BenchMark For TsFile multi-language
This repo compares TsFile and Parquet using the same config and metrics (prepare/write/read time, throughput, file size, memory).
Project structure
benchmark_core/
├── conf.json # Shared config (tablet_num, tag1_num, tag2_num, timestamp_per_tag, field_type_vector)
├── tsfile/ # TsFile benchmarks
│ ├── java/
│ ├── python/
│ └── cpp/
└── parquet/ # Parquet benchmarks
├── java/
├── python/
└── cpp/
Output
Results under /result (or result/ when run locally):
| Format | Language | Summary JSON | Memory CSV |
|---|---|---|---|
| TsFile | Java | results_java.json |
memory_usage_java.csv |
| TsFile | Python | results_python.json |
memory_usage_python.csv |
| TsFile | C++ | (console) | memory_usage_cpp.csv |
| Parquet | Java | results_parquet_java.json |
memory_usage_parquet_java.csv |
| Parquet | Python | results_parquet_python.json |
memory_usage_parquet_python.csv |
| Parquet | C++ | results_parquet_cpp.json |
memory_usage_parquet_cpp.csv |
Each JSON contains: tsfile_size (KB), prepare_time, writing_time, writing_speed, reading_time, reading_speed.
Profile output files (for Python and C++): Flamegraph-related profiling data will be generated to assist with performance analysis.
Requirements
- Python:
tqdm,psutil,pyarrow(for Parquet Python) - Java: Maven (for TsFile and Parquet Java)
- C++: CMake, TsFile C++ (for TsFile C++), Arrow C++ / Parquet C++ (for Parquet C++)

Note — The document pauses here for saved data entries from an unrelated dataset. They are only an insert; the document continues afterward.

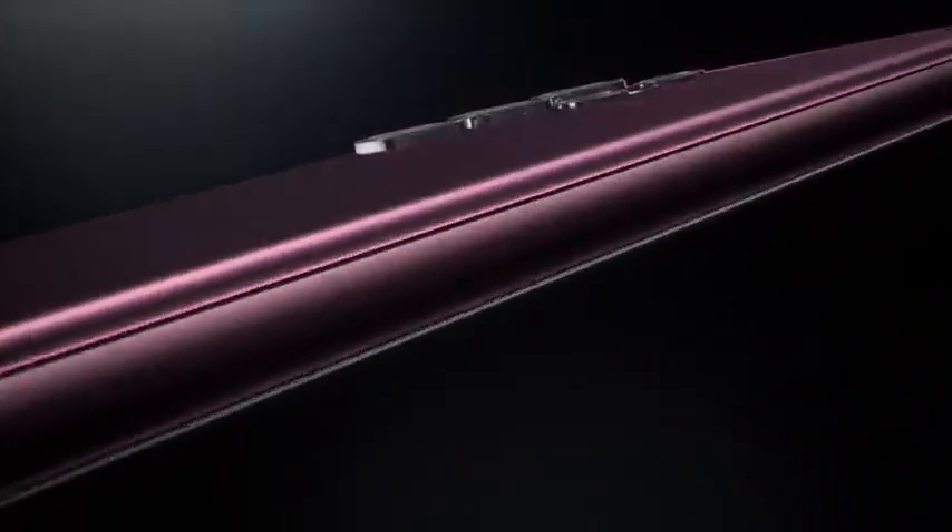Meet Galaxy S22 Ultra. A transformative leap into a new world of possibilities. Welcome to the epic standard of smartphones.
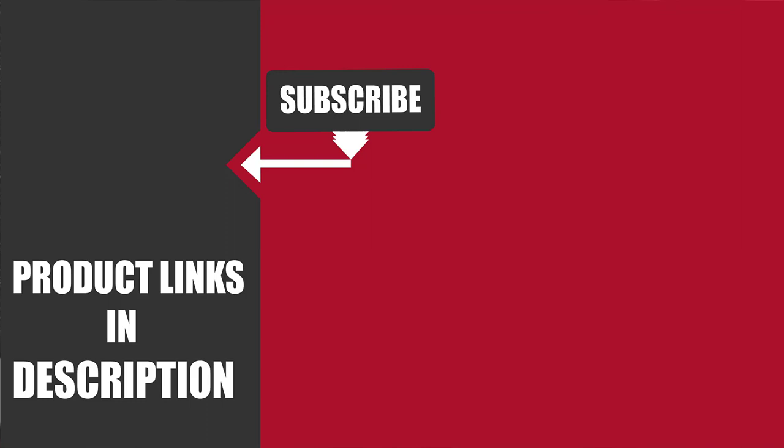That's all for today. We upload fitness product review videos every single day, so don't forget to subscribe and hit the bell icon for upcoming video notifications.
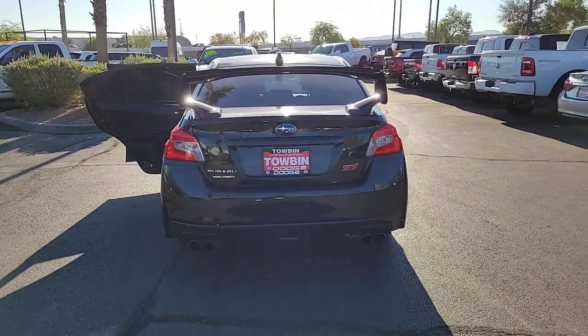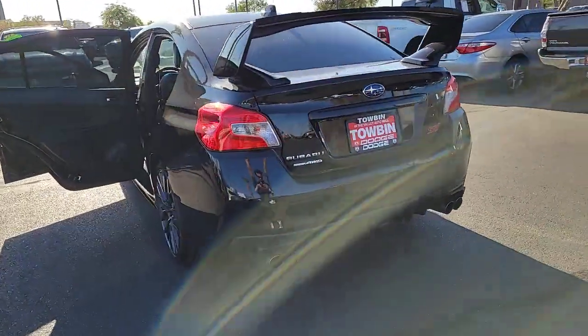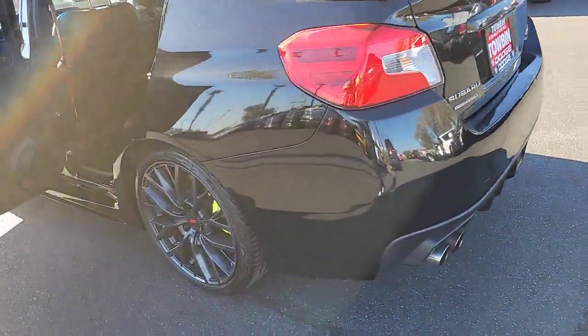Make the journey a thrilling adventure in this performance-focused WRX. Come in for a test drive — our team will make it the best part of your day.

Benchmark Execution Workflow
-
Clone TsFile Source Code
Clone the latest TsFile repository from GitHub to your local machine.
-
Start Docker with Volume Mounts
Launch a Docker container and mount the following directories into the container:
- The cloned TsFile source code
- The TsFile-benchmark repository itself
- A result directory, which should be mounted to /result inside the container to store output files
-
Build and Run Benchmarks in Docker The Docker container will automatically:
- Compile and install the TsFile project
- Run performance benchmarks
- Collect profiling data using perf. Flamegraph results (for C++ and Python) will be generated and stored under the /result directory.